Bad news for the siblings of a crown prince; but good news, by and large, for the prospects of the dynasty itself. Such, at any rate – if imitation is to be judged the sincerest form of approbation – was the opinion of the Capetians’ former peers. Ferocious and unrelenting were the demands of power among the Franks; and no prince, if he wished to maintain himself in the front rank of greatness, could afford
to overlook a potential competitive advantage. The Capetian drive to forge a coherent domain, one that could be handed down from father to son intact, generation after generation, had not gone unremarked by other lords. There were some, indeed, who had already trumped it. Beyond the royal heartlands that extended around Paris, for instance, bordering the northern seas, there stretched a principality already so compact and unitary that it made the Capetian domain look positively moth-eaten in comparison. Proudly, the counts of Flanders boasted of their origins as lieutenants of the Carolingians; but that was hardly telling all the story. Indeed, as their many enemies saw it, their posing as upholders of the
status quo
was risible: for to their neighbours they were nothing but predators, slippery and ever-ravening, “replete with the venom of viperish guile.”
14
As far back as 862, the first Count of Flanders had begun a long family tradition of brutal opportunism by abducting a princess from under the nose of her royal father; and from that moment on, as count succeeded count, the dynasty had ruthlessly expanded and consolidated its holdings. Indeed, bearing in mind what was evidently a hereditary aptitude for illegality and violence, there was nothing, perhaps, that better illustrated the consistent effectiveness of those who ruled the principality than their ability to box in the ambitions of their own kindred. Only once, in 962, had a count been compelled to hive off some of his holdings to a separate branch of the family – and only then because he was old and his son had just unexpectedly died. The mood of crisis not withstanding, he had still insisted on appointing as his own successor his grandson – who at the time was merely a child. Time had proved this decision the correct one: the dynasty had endured. Indeed, by the time of the Millennium, it was as entrenched and formidable as it had ever been. Potent testimony to what might be won, amid the troubles of the age, by the simple expedient of passing down an inheritance intact to a single heir. Not all the fustian of tradition in which the princes of Flanders continued to adorn themselves could serve entirely to
obscure just how startling had been their achievement in building up, from virtually nothing, a power base quite without precedent in the previous century.

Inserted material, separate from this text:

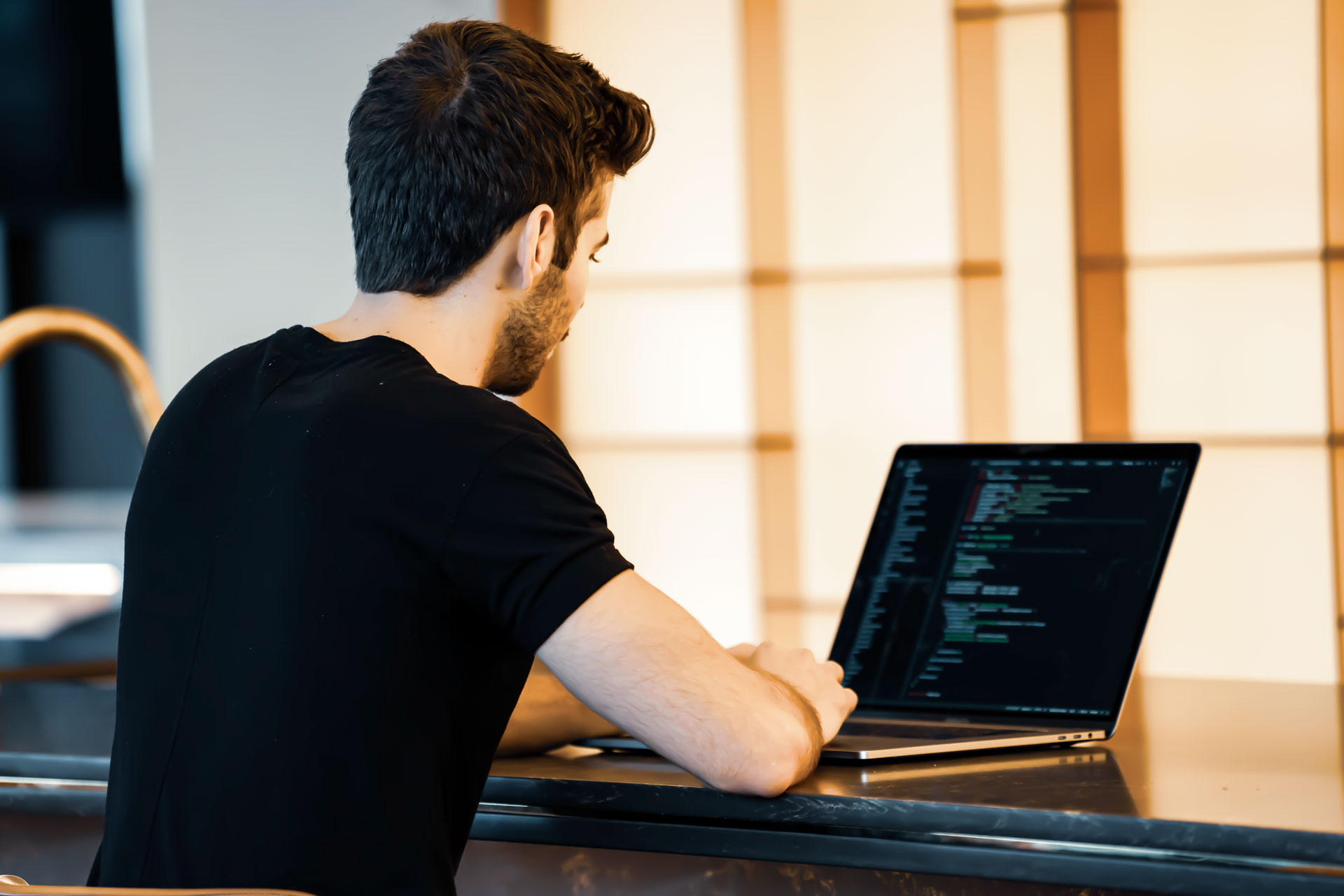 homme développeur web et application au sein de l'agence i-media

Indeed, as the year 1000 drew nearer, so the entire political framework of the West Frankish kingdom appeared to be splintering and foundering upon the ambitions of rapacious princes. Unlike the counts of Flanders, most of these, as they manoeuvred for advantage, saw not the faintest advantage in claiming legitimacy from the failed institutions of the past. Along the valley of the Loire, for instance, west of the royal stronghold of Orléans, right on the doorstep of the Capetian domain, the very contours of ancient territories had begun to fade from memory, like fields abandoned to scrubland. In their place, patched together out of the plundered rubble of toppled lordships, the foundations of wholly new principalities were being laid: states that would ultimately owe little either to tradition or to mouldering property deeds. Those labouring at such a work of creation, rather than feeling any sense of embarrassment at their parvenu status, preferred instead to exult in it. As why should they not have done? They were proving themselves in the snake-pit to end all snake-pits, after all. What more certain badge of quality than to have pieced together, out of the shards of a ruined order, a state sufficient to prosper and endure? How telling it was that in the decade before the Millennium, and the decades that followed it, the prince who would most triumphantly put the Loire in his shadow bore the title of a county that seemed, in 987, when he ascended to its rule, a mere thing of shreds and patches. Such a principality – rootless, fragmented, lacking any natural boundaries – appeared to the region’s scavengers, as they sniffed at it, easy prey. But they were wrong. Time would more than demonstrate the formidable potential of Anjou.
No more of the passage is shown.